ILANIT 2023

Adaptation under prolonged resource exhaustion is characterized by high levels of convergence and frequent historical contingency

Shira Zion Sophie Katz Ruth Hershberg
The Ruth and Bruce Rappaport Faculty of Medicine, Technion - the Israel Institute of Technology, Israel

Escherichia coli are non-sporulating bacteria that possess an ability to enter a state called Long-Term Stationary Phase (LTSP), which allows them to survive very prolonged resource exhaustion. In July of 2015 an LTSP experiment was launched in our laboratory, in which five independent populations were established via inoculation into fresh media and have not been provided with any external nutrients ever since.

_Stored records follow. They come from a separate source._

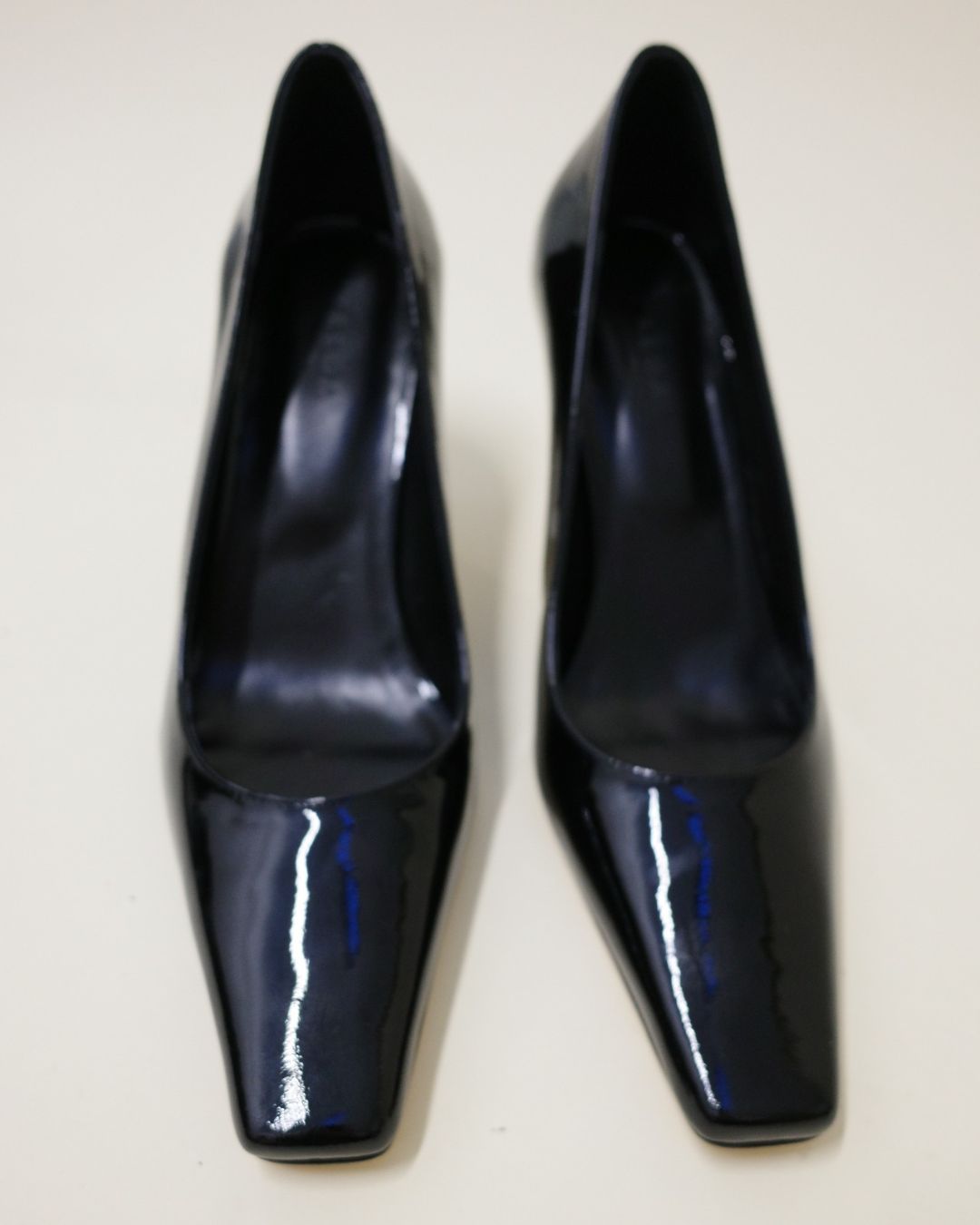 KALDA black patent pumps 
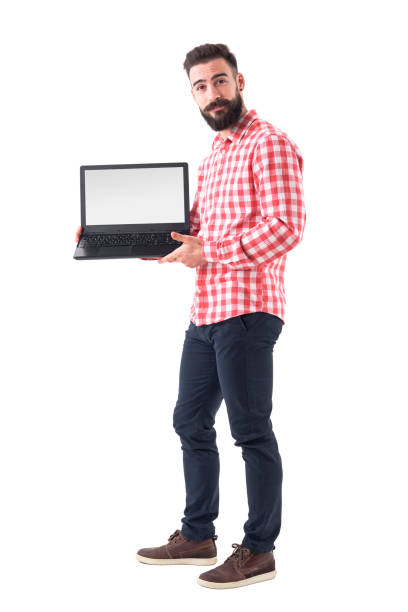 Cool bearded hipster guy in smart casual clothes showing blank laptop monitor. stock photo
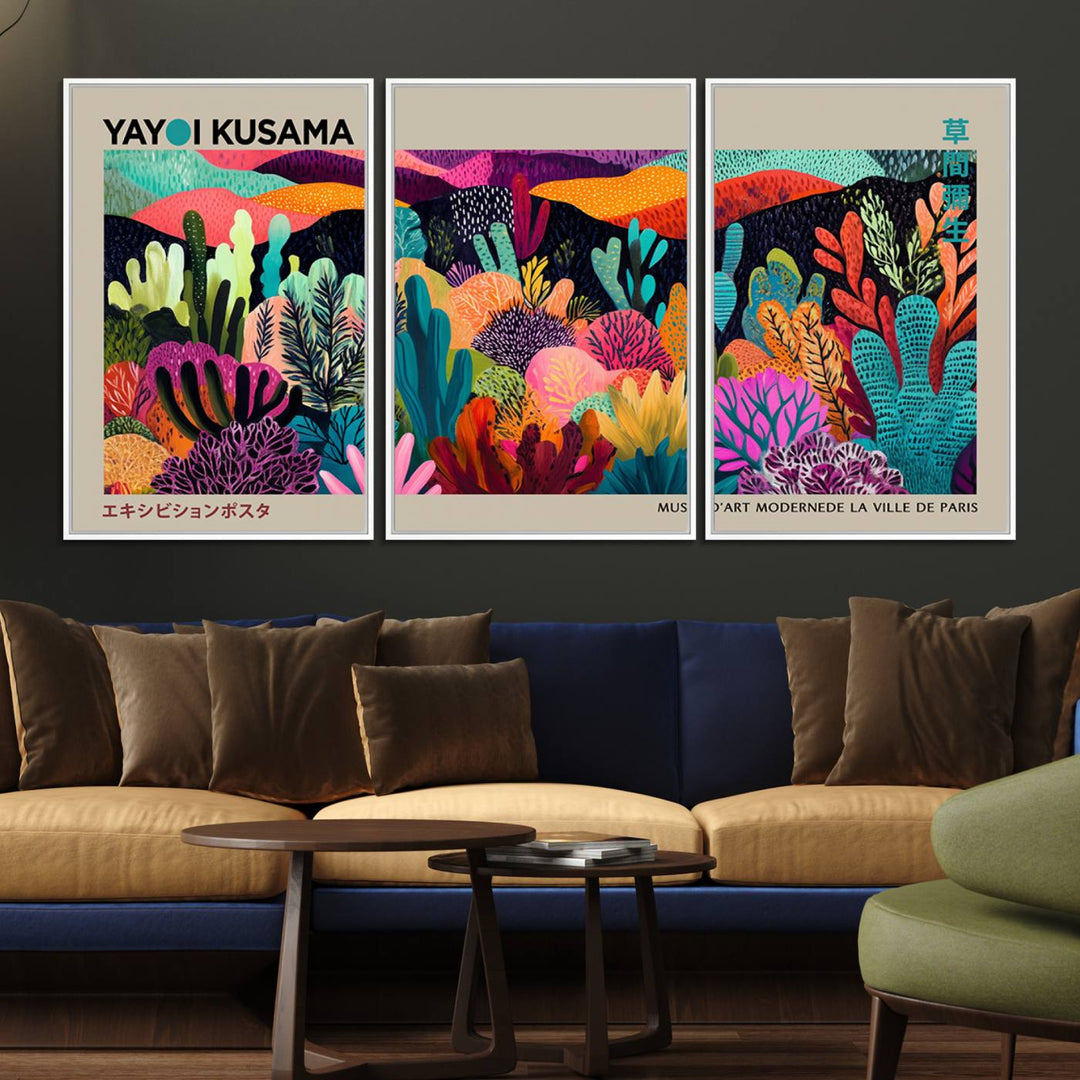 The framed Yayoi Kusama wall art adds vibrancy above the blue couch.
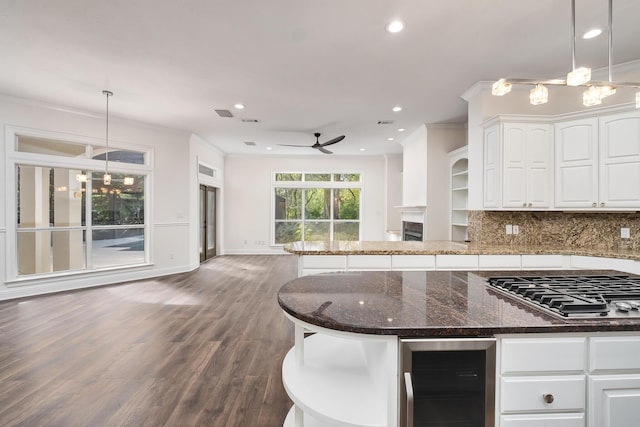 237 Matties Way, Destin, FL 32541 - kitchen featuring beverage cooler, stainless steel gas stovetop, a ceiling fan, a chandelier, and recessed lighting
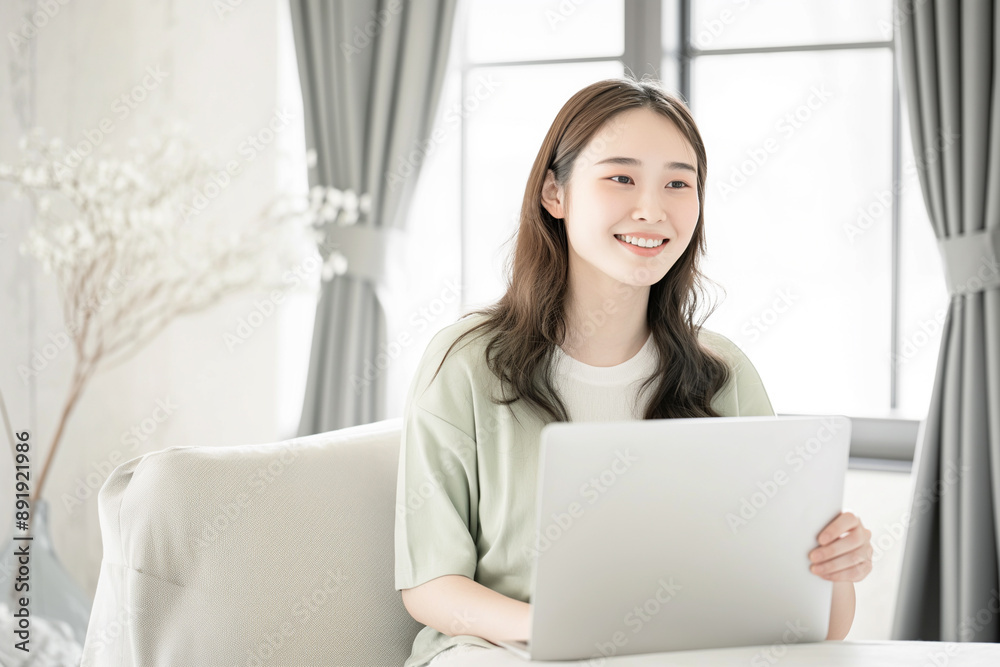 Cheerful Woman Working on Laptop - High-Quality Portrait Featuring Smiling Female in Cozy Home Setting, Remote Work, and Relaxed Atmosphere, Positive and Productive Moment Cheerful Woman Working on Laptop - High-Quality Portrait Featuring Smiling Female in Cozy Home Setting, Remote Work, and Relaxed Atmosphere, Positive and Productive Moment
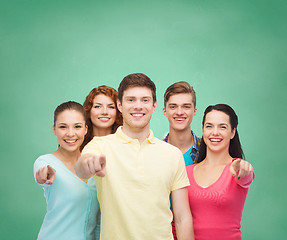 Image showing group of smiling teenagers over green board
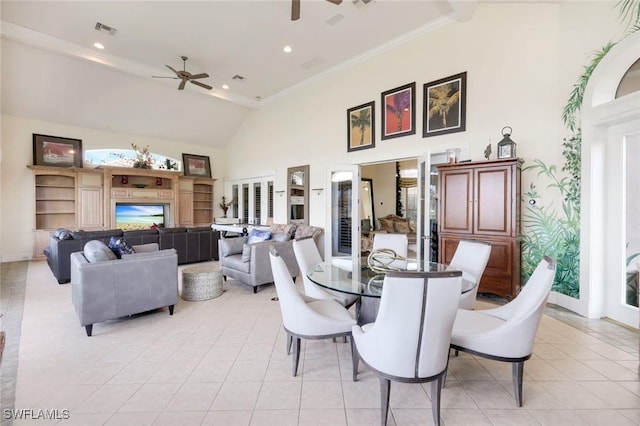 14581 Headwater Bay Ln, Fort Myers, FL 33908 - dining space featuring a ceiling fan, high vaulted ceiling, light tile patterned floors, recessed lighting, and a fireplace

We found that genetic adaptation under LTSP occurs in an extremely convergent manner, across independently evolving populations. Within each population, we observe the early establishment of lineages - subpopulations that descend from a common ancestors and co-exist within a population, alongside other lineages, evolving independently from them. The high convergence with which mutations occur and the observed lineage structure have provided us with an opportunity to ask how contingent evolution under LTSP is. In other words, we could ask how often a certain locus is significantly more likely to be mutated on the background of specific or non-specific mutations to a second locus. We found very high levels of contingency with approximately a third of convergently mutated loci participating in contingent loci pairs. Contingent pairs of loci are significantly more likely than expected by chance to have known functional relationships. This indicates that the contingencies we identified are likely biologically meaningful, and that pairs of contingent loci are more likely to be functionally related, even when no such relationship is currently known.